En ocasiones se asegura que las creencias religiosas responden al muy extendido y humano miedo a la muerte. Adversarios persuasivos de este planteamiento, desde Lucrecio a ciertos antropólogos como Pascal Boyer, han hecho notar que frecuentemente lo que las religiones cuentan del más allá contribuye más a aumentar nuestro pánico que a proporcionarnos serenidad. Es cierto: pero quizá olvidan que el individuo con conciencia de tal lo que teme tras la muerte no es el castigo sino la total perdición, o sea el que nadie -ni para bien ni para mal- vuelva a ocuparse ya jamás de nosotros. La atención punitiva de una divinidad revanchista, que anota y castiga puntillosamente nuestras innumerables faltas, puede tener aspectos muy inquietantes pero también una compensación honrosa: ¡por fin alguien realmente importante nos considera auténtica y eternamente en serio! No hay peor castigo para quien se toma en cuenta a sí mismo -el «animal simbólico» de Ernst Cassirer- que la pérdida definitiva de cualquier interlocutor capaz de comprenderlo al menos y valorarlo -¡aunque sea negativamente!- en el mejor de los casos. Por esta razón se hará deseable, incluso vagamente creíble, la existencia de un Dios personal… ¡qué tantos inconvenientes, por no hablar de inverosimilitudes presenta! Pero de semejante cuestión hablaremos en el próximo capítulo.

Mientras tanto: ¿carece de cualquier atisbo de la universalmente apetecida inmortalidad quien no padece en algún grado de creencias religiosas? A finales de su Ética, Spinoza hace una enigmática mención a que el hombre libre -el ser racional- puede «saberse y experimentarse eterno» pese a su incontrovertible mortalidad, fruto como por él sabemos del inevitable «mal encuentro» con lo que nos elimina, que todos los seres antes o después debemos sufrir. Interpretando a mi modo este dictamen, que tanta tinta ilustre ha hecho correr, pienso que esa «eternidad» es la de quien ha existido una vez, por fugazmente que sea: el presente de su vida no lo podrá borrar ni la inexistencia pasada ni la aniquilación del porvenir… La vida es transitoria, pero quien ha vivido, vivió para siempre. Y por medio de nuestra comprensión intelectual de lo que no depende del tiempo, hemos atisbado una ráfaga de lo que puede llamarse «eternidad»: somos capaces de ideas que no padecen nuestras limitaciones, ni en cuanto a la necesidad ni en cuanto al tiempo.
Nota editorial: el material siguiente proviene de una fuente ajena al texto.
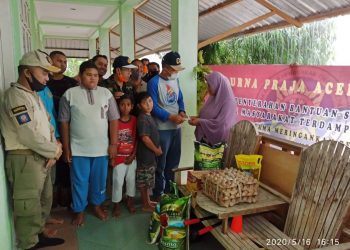Purna Praja Aceh Bagi Sembako untuk Masyarakat Terdampak Covid-19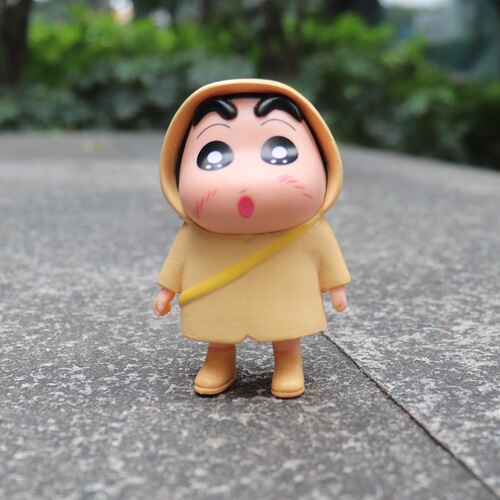 GK Nohara Shinichiro Q-version Crayon Shin-chan Raincoat Heart Cute Anime Car Model Desk Accessory Boxed Set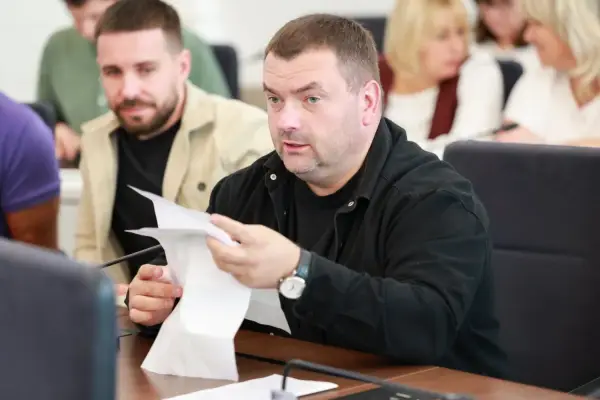 Як у Львові депутати вдавали, що у місті добре (ФОТО)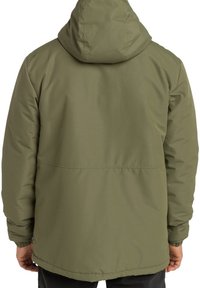 Giacca a vento verde oliva con cappuccio, caratterizzata da una texture liscia, polsini elasticizzati e un orlo arricciato per un aspetto aderente.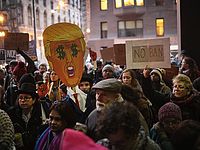 Протесты против политики Трампа в Чикаго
La cuestión queda abierta, pero ahora -después de reflexionar- podemos plantear mejor su sentido y así lo hace Santayana: «Ningún hombre es completamente inmortal, como ninguna filosofía es completamente verdad y ningún lenguaje completamente inteligible; pero solamente en tanto que es inteligible es el lenguaje un lenguaje y no meramente un ruido, solamente en tanto que es verdadera es una filosofía algo más que un viento de humores cerebrales, y solamente en tanto que un hombre es racional e inmortal es un hombre y no un simple sensorio». [36]

вернуться

[34] Ibídem, p. 245.

вернуться

[35] Lamb en Borges, p. 15.

вернуться

[36] Ibídem, pp. 265-266.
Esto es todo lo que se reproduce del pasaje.